A government source told the BBC: “We need to get any deal right and based on terms which respect what the British people voted for.
“Unfortunately, the EU are still struggling to get the flexibility needed from member states and are continuing to make demands that are incompatible with our independence.
“We cannot accept a deal that doesn’t leave us in control of our own laws or waters.
“We’re continuing to try every possible path to an agreement, but without a substantial shift from the [European] Commission we will be leaving on WTO terms on 31 December.”
Prime Minister Boris Johnson has vowed to keep talking but warned gaps had yet to be bridged.
Senior MEPs in the European Parliament have said they will not be “rushed” into signing off a deal on their side and want to see the text of any agreement by Sunday if they are to approve it by the end of the year.
Speaking in the European Parliament on Friday, the EU’s chief negotiator, Michel Barnier, said that while there was still a “chance” of a deal, the “path was very narrow”.

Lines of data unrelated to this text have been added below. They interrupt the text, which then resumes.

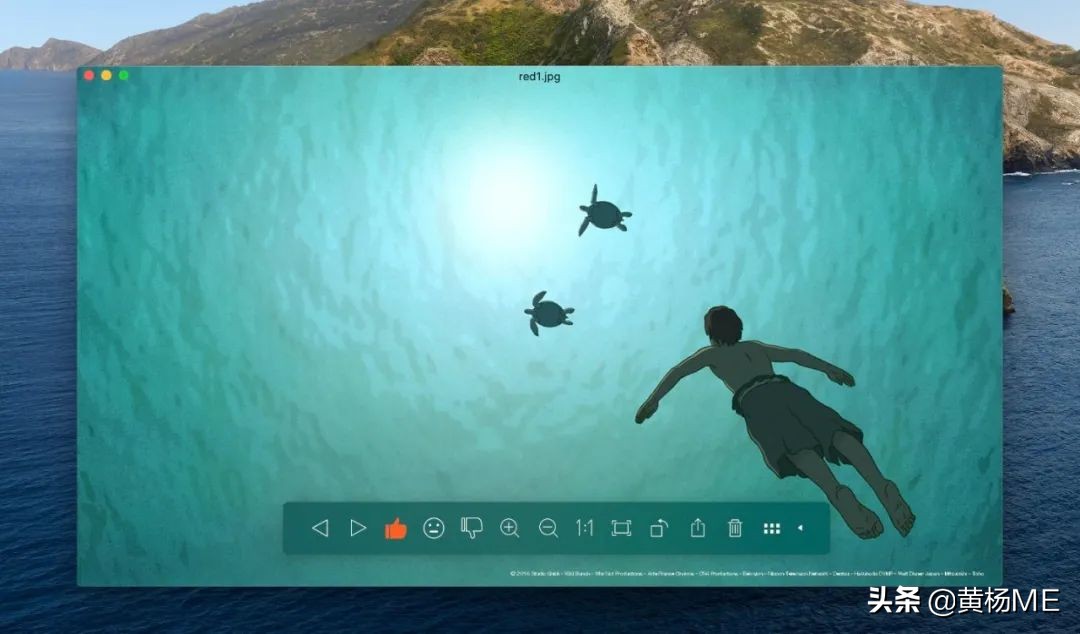 macos上好用的免费看图软件,mac上类似2345看图王的软件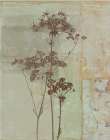 Silver Foliage II Art Print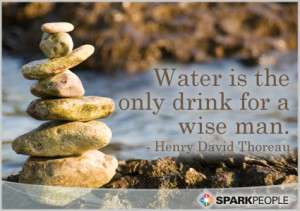 Motivational Quote - Water is the only drink for a wise man.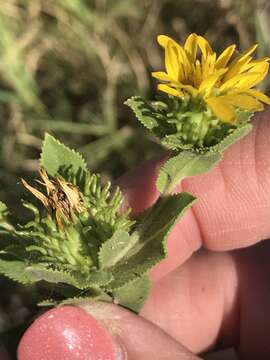 Image de Grindelia adenodonta (Steyerm.) G. L. Nesom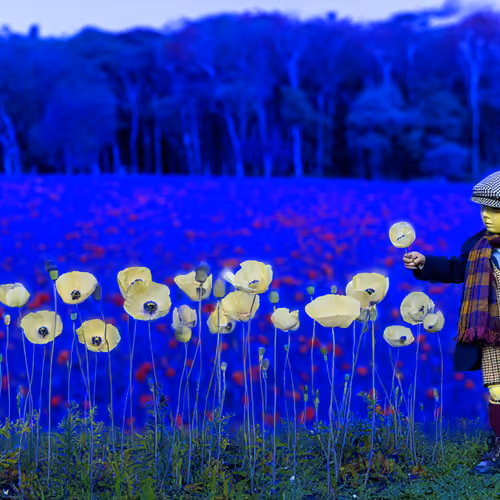 In the poppy field 3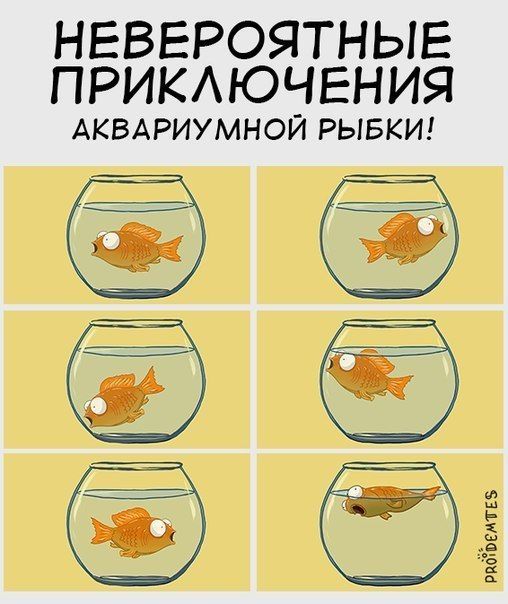 Смешные комиксы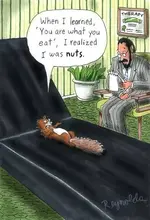 squirrel from the woods.webp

The two sides have been at odds over the length of time it will take to introduce new arrangements once the UK leaves the bloc’s Common Fisheries Policy.
The UK, led by its chief negotiator, David Frost, has insisted its sovereign rights over its waters must be respected from day one and its fleets must be able to keep a much larger share of their own catch.
The EU is insisting on a much longer transition period, with guarantees on access and how catches are distributed.
The two sides are reported to have made progress in recent days on the issues of fair competition and what to do if the UK is deemed to get an unfair competitive advantage by moving away from EU rules and standards.
If a deal is reached between the two sides, it would need to be agreed by parliaments in the UK and the European Union’s member states.
UK MPs have now finished for the Christmas break, but Cabinet Office minister Michael Gove said on Thursday that they could be called back to ratify a deal in the coming days, were one to be agreed.